I’m in the early stages of learning Python – and by early I mean 3 days (about 5 hours total) in. My previous experience with Python was hearing people complain about (or mock) indent based scoping. To learn Python I’ve choose to work through some of the Project Euler problems. This post is specifically about Problem 18 (Find the maximum sum travelling from the top of the triangle to the base.
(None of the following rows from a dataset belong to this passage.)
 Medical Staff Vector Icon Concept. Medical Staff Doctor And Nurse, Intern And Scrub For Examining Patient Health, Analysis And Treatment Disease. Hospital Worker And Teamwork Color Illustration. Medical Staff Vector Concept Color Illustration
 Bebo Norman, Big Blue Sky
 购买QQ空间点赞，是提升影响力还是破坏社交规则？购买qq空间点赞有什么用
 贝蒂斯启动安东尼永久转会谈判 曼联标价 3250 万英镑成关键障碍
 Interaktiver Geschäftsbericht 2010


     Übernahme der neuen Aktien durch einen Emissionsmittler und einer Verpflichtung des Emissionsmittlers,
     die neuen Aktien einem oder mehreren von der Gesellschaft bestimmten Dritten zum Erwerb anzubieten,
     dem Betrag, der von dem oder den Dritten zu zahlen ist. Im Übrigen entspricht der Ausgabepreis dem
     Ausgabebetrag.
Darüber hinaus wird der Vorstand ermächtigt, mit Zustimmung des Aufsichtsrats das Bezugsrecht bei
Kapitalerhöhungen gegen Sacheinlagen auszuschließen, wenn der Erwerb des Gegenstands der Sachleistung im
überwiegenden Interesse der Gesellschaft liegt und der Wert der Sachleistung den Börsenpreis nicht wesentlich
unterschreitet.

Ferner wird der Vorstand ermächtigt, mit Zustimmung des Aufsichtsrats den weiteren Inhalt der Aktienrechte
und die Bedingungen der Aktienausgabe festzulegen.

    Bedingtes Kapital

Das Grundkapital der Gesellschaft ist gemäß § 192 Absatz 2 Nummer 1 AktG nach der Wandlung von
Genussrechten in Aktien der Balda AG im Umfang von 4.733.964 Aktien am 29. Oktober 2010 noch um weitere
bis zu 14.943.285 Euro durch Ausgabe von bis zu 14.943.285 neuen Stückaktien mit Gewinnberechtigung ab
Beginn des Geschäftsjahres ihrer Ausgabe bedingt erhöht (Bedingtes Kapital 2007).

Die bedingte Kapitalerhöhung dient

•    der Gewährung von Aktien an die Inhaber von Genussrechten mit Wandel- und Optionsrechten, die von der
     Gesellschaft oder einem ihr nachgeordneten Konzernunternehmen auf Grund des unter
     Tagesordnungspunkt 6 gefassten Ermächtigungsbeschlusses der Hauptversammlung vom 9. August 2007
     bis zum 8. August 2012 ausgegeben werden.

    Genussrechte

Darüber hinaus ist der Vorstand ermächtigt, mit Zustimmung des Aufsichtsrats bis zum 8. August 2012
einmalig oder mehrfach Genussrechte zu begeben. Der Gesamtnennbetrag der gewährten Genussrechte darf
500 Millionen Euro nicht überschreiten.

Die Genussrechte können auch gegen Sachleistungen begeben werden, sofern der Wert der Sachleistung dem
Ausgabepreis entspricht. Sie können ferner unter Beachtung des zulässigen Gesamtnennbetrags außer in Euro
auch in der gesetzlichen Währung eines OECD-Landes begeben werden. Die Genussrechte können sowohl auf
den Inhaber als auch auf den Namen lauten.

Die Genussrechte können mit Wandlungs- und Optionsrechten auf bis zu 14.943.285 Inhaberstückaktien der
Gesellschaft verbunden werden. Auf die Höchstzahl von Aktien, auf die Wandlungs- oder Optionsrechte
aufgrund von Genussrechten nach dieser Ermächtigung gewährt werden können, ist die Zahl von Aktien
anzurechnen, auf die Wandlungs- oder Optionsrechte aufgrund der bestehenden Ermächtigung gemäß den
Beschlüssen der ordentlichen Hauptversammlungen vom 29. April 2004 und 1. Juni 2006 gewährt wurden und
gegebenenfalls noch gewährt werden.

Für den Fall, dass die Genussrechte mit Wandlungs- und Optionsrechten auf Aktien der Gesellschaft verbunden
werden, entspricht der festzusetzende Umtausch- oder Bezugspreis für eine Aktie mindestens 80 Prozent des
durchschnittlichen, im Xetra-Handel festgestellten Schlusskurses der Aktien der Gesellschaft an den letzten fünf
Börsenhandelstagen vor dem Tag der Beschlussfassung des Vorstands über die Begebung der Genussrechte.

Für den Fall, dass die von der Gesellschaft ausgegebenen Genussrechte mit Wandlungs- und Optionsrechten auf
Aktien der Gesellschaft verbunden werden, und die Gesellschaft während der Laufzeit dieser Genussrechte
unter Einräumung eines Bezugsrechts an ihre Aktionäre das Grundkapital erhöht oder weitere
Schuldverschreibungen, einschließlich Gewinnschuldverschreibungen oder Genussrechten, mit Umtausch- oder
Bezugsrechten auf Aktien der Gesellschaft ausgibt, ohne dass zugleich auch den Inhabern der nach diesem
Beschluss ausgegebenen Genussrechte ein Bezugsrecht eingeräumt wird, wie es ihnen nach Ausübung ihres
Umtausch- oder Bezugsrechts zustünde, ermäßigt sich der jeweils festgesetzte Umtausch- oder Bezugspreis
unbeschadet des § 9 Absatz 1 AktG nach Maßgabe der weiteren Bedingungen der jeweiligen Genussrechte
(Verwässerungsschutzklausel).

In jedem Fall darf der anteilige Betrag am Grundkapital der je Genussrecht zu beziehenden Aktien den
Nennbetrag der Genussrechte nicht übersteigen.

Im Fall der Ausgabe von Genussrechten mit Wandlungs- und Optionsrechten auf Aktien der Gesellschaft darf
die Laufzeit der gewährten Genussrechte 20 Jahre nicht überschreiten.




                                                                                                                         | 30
Problem 67 is the same except that it’s dataset is significantly larger so a brute force solution will not work.

Let’s start by looking at our sample graph (this is the sample from the problem website):

tree1

And we want to find the most expensive path from the root (3) to the bottom row (8 5 9 3).

In this example the maximum path has the value 23

tree2

On a small triangle (graph) like this we can just see the answer – but how would we do it with 16 or 100 rows (problems 18 and 67, respectively)?
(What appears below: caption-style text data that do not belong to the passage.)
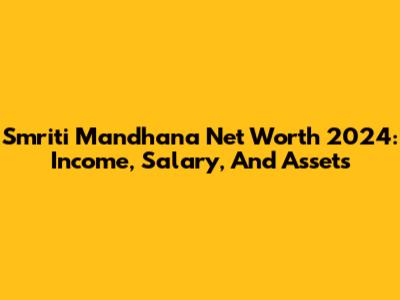 Smriti Mandhana Net Worth 2024: Income, Salary, And Assets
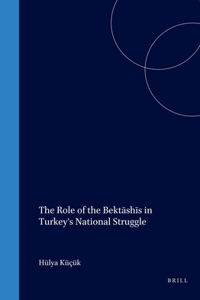 Role of the Bektāshīs in Turkey's National Struggle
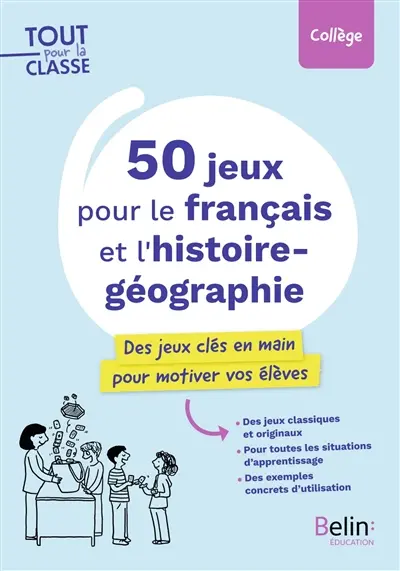 50 jeux pour le français et l'histoire géographie : des jeux clés en main pour motiver vos élèves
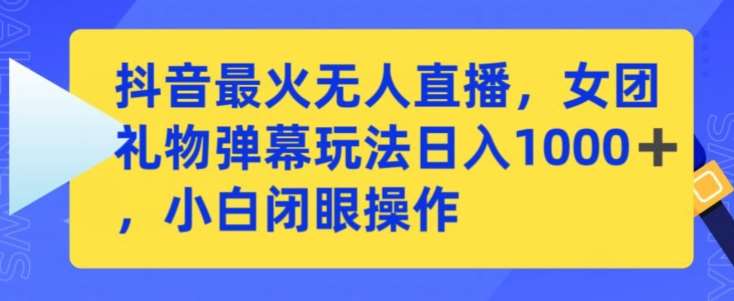 抖音最火无人直播，女团礼物弹幕玩法，日赚一千＋，小白闭眼操作【揭秘】-靠谱项目库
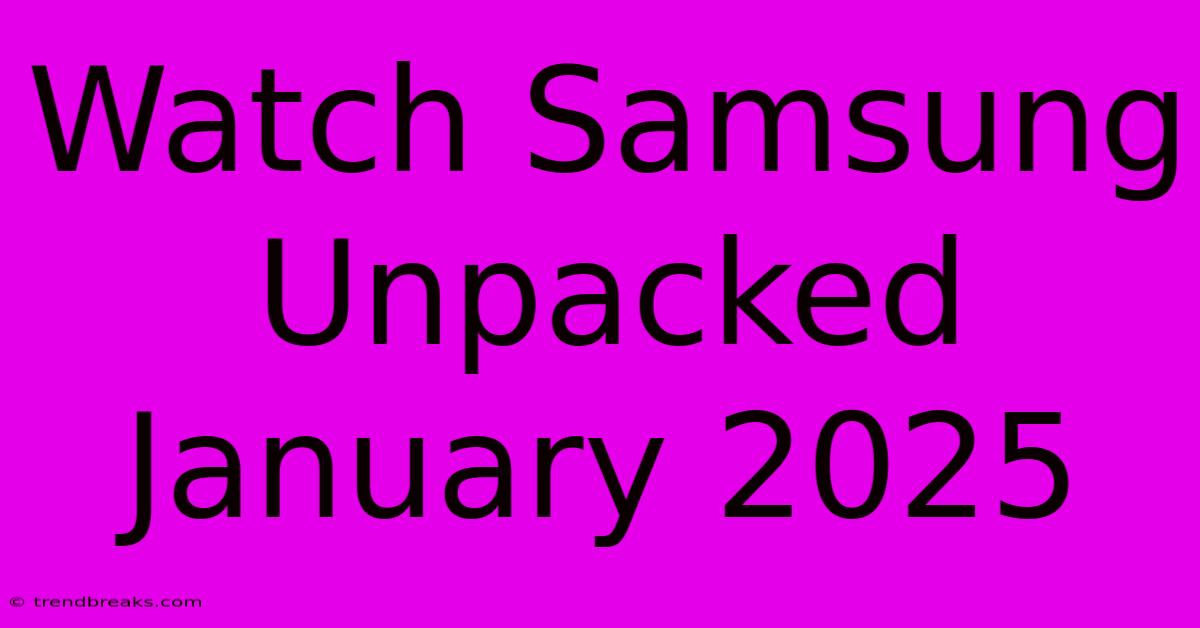 Watch Samsung Unpacked January 2025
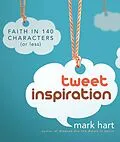 E-Book (epub) Tweet Inspiration von Mark Hart
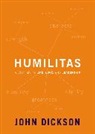 John Dickson, John P. Dickson - Humilitas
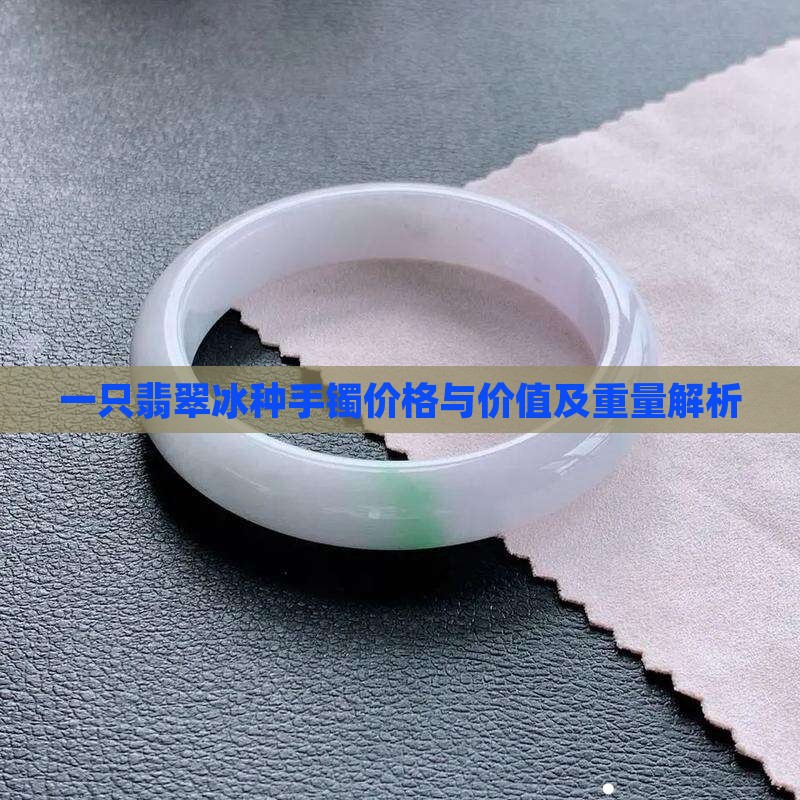 一只翡翠冰种手镯价格与价值及重量解析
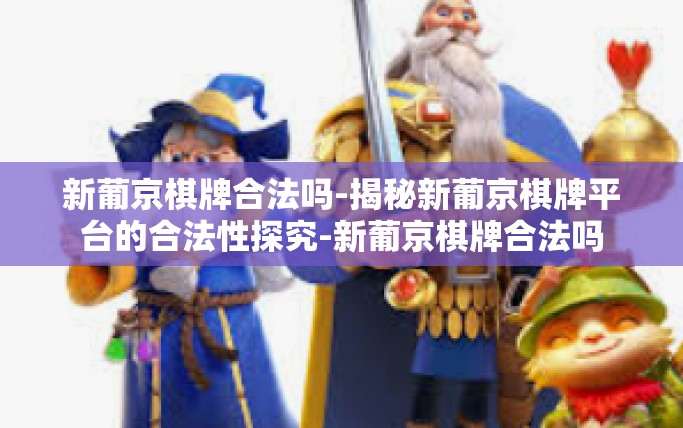 新葡京棋牌合法吗-揭秘新葡京棋牌平台的合法性探究-新葡京棋牌合法吗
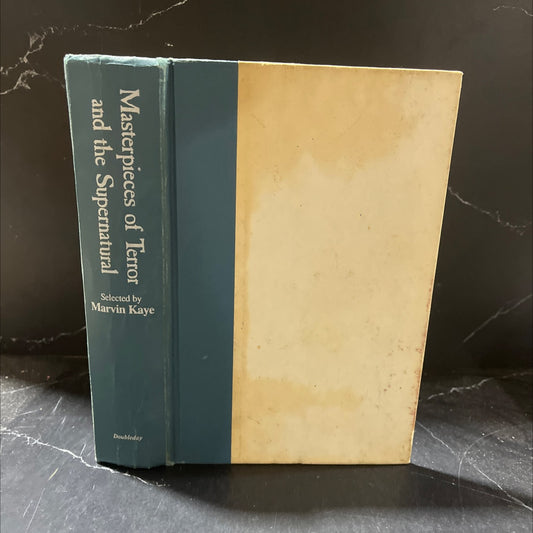 masterpieces of terror and the supernatural a treasury of spellbinding tales old & new book, by Marvin Kaye, Saralee image 1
We could enumerate every path – in the sample above that is 8 potential paths (the number of paths is s^(n-1) where n is the number of rows in the triangle). But in a 100 row triangle that is 2^99 paths – forget about it.

What we can do I is realize that we don’t need to know every path – we only need to the know the most expensive (largest weight) paths. With that in mind we can avoid searching any paths. Let’s talk through this.

We start on the root node, 3. 3 has no parents so it’s overall weight is it’s value: 3.

On to the next row. The first node, 7, has a single parent: 3. So it’s overall weight is (7+3) = 10. The node 4 has an overall weight of (4+3) = 7. Now don’t go thinking “Ok, we can ignore 4!” – you can’t.

Now let’s step back and realize that between every connected pair of nodes there exists one path whose overall weight is greater than all the other paths (maybe there are some that are equal – but we don’t need to worry about that since it doesn’t affect the outcome). The maximal path weight for any given node depends on how many parents it has.

  • No parents – the node’s value is it’s maximal path weight (this is the root node, 3)
  • One parent – the node’s maximal path weight is the maximal weight of it’s parent + it’s value (e.g, 7 + 3)
  • Two parents – the node’s maximal path weight is greater of it’s parent’s maximal weights + it’s value (we’ll see this in a minute)

So far we’ve seen 3 nodes. One of them had no parents (3) and two had one parent (7 and 4). So for those three nodes we know their maximal path weight. Since we know their weight we never to calculate those nodes again. So our tree can now be thought of this like this:

tree3

Moving on to the third row – let’s apply those maximal path rules and see the new values:

tree4

And now we can finish the third row …

tree5

And there you have it – the maximal path value of each node is known.

So what about code?

Well – I could print the code but that would rob you of the opportunity to solve this problem on your own. My solution runs in about 30 milliseconds on the 100 row triangle – not too bad when you consider the brute force approach is estimated to take billions of years (see the explanation at the problem 67 page).